When law school student Pete Davis gave a commencement speech at Harvard Law School’s graduation ceremony in 2018, he never expected the video to go viral. Now, three years later, his talk has more than 30 million views.
What was so resonant about the Falls Church native’s speech? In it, Davis explained that young people are now taught to keep their options open when it comes to life decisions. Instead, Davis argued that it’s commitment to places, people, and things that truly bring people joy.
He expounds upon that idea in his new book, “Dedicated: The Case for Commitment in an Age of Infinite Browsing.” Davis—who wrote most of the book during the pandemic—explains that he’s always been fascinated by the concept of commitment because the close-knit town he grew up in was very civically engaged.
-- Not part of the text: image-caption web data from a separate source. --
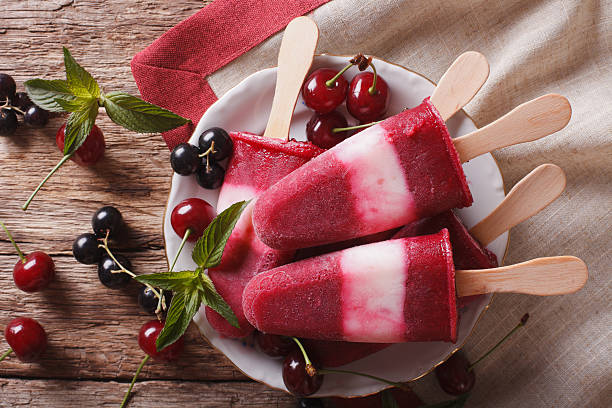 istock Fruit ice cream with cherry and currants on stick closeup 636602396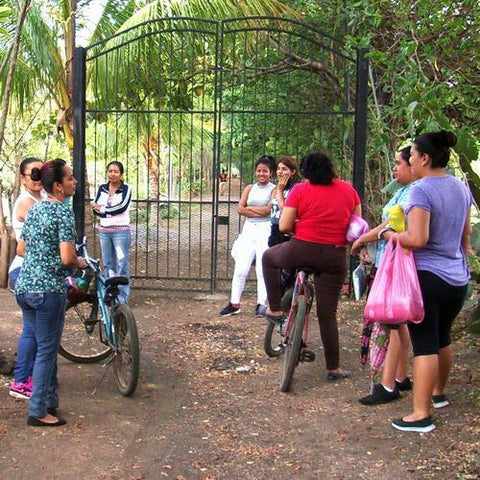 Sheep Dreamzzz knitters in Nicaragua waiting outside a farm gate for their daily knitting time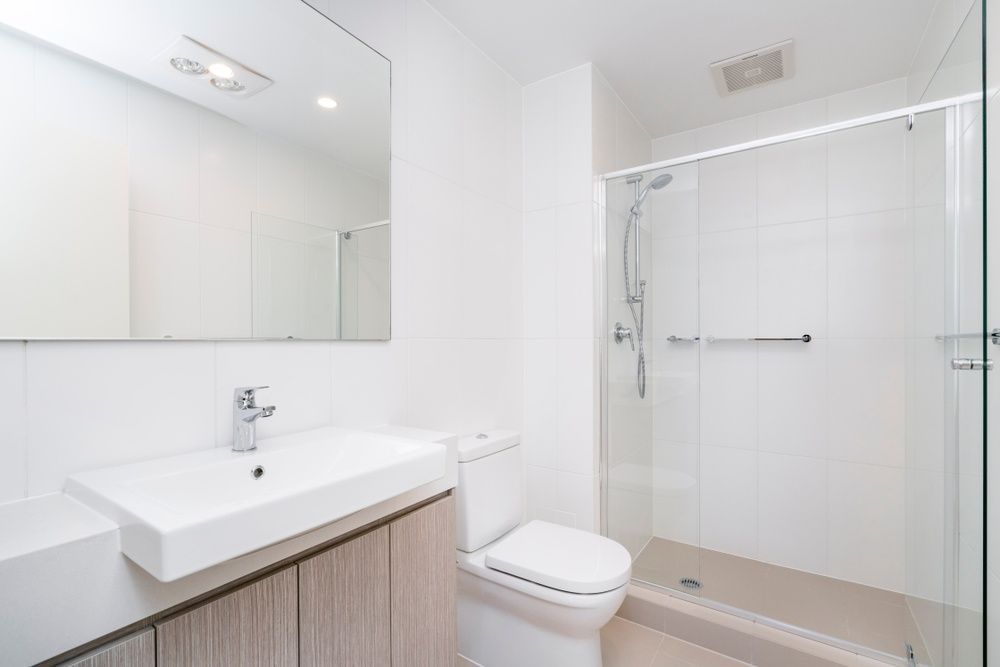 A Bathroom With A Toilet, Sink And Shower — InStyle Shower Screens & Wardrobes in Gosford, NSW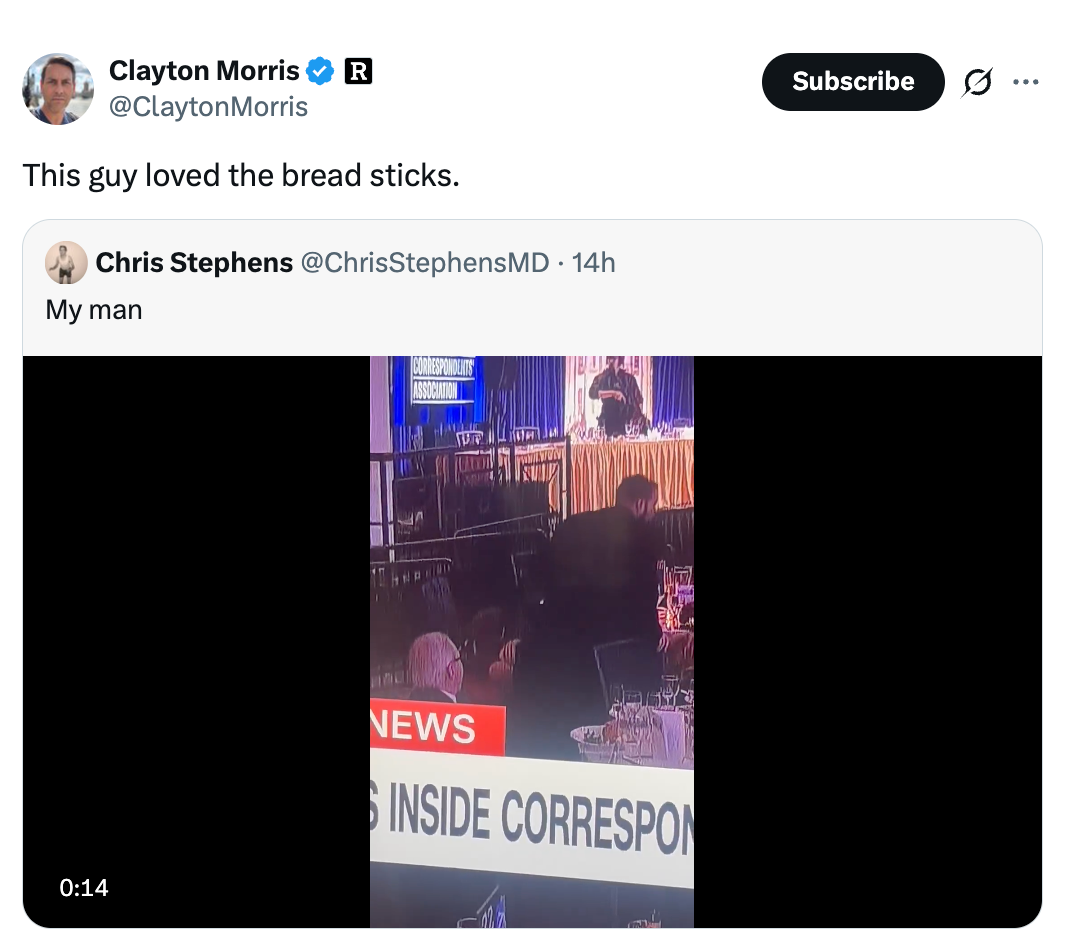 Video of a person enthusiastically eating breadsticks at an event. Text overlay says: "My man" and a news banner is visible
His Falls Church neighbors prioritized being a part of their community: “When I looked around in my town at all the institutions, behind every beloved institution that made my childhood joyful, was a dedicated person,” he says.
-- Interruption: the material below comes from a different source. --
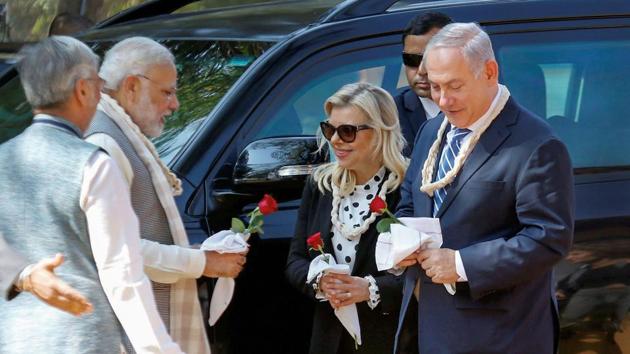 Prime Minister Modi, Israeli Prime Minister Benjamin Netanyahu and his wife Sara Netanyahu arrive at Sabarmati Ashram. The Israeli PM is on a six-day visit to India and scheduled for Mumbai later. (PTI)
Good things, Davis realized, don’t just appear from thin air. It takes serious commitment, time, and energy to, for example, report on every little league game in the weekly newspaper, or make sure the farmers’ market runs smoothly.
Davis terms these kinds of people—who commit to a particular cause and follow through—“long-haul heroes.” What troubles Davis says is that we are in an age when people are constantly moving between places, jobs, and relationships. This is a state of what he calls “infinite browsing mode.”
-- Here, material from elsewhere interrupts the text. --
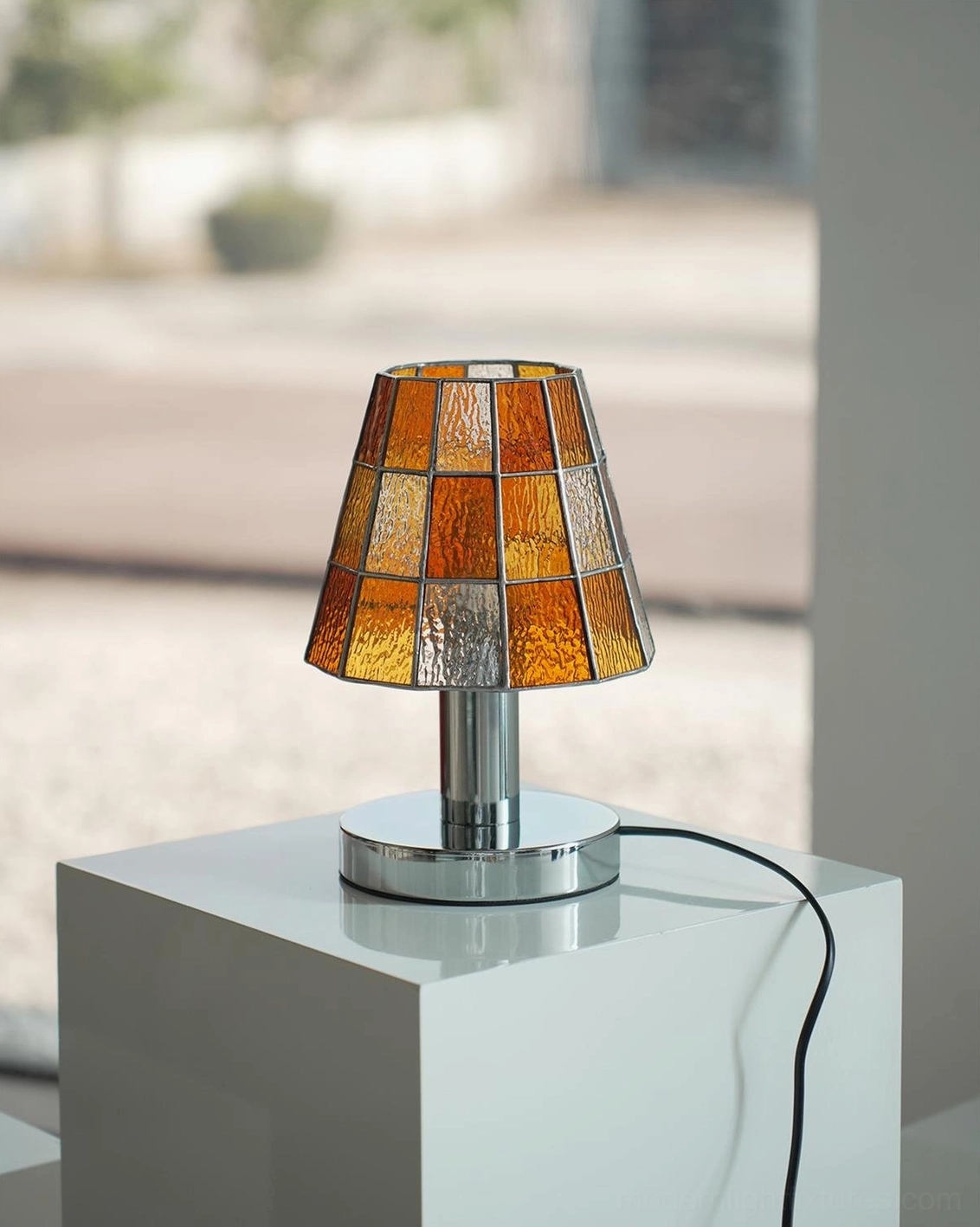 Warm amber-orange stained glass table lamp with chrome base creating glowing ambient lighting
Although many people hop around in the hopes that they’ll find their perfect path, Davis thinks way of living is actually more akin to endlessly scrolling through movie choices on Netflix, and never being fully satisfied with the end result: “The book shows you that there is a freedom and purpose from finding your calling and committing to it.”
To that end, Davis interviewed 50 “long-haul heroes” across the country. They include a Bolivian dancer based in Virginia; a Boston restaurateur; a touring harmonica player; and a Georgia teacher. There’s Native American radio host Peggy Berryhill from California, and Pierce Freelon, a musician in Durham, North Carolina.
“My favorite part of this experience is when it has resonated with someone and they reach out and talk about what it means to them,” says Davis, who still lives in Falls Church. And he realizes that his timing was spot-on. “People are pining for purpose after the pandemic—and there is never a better time to plant the seed.”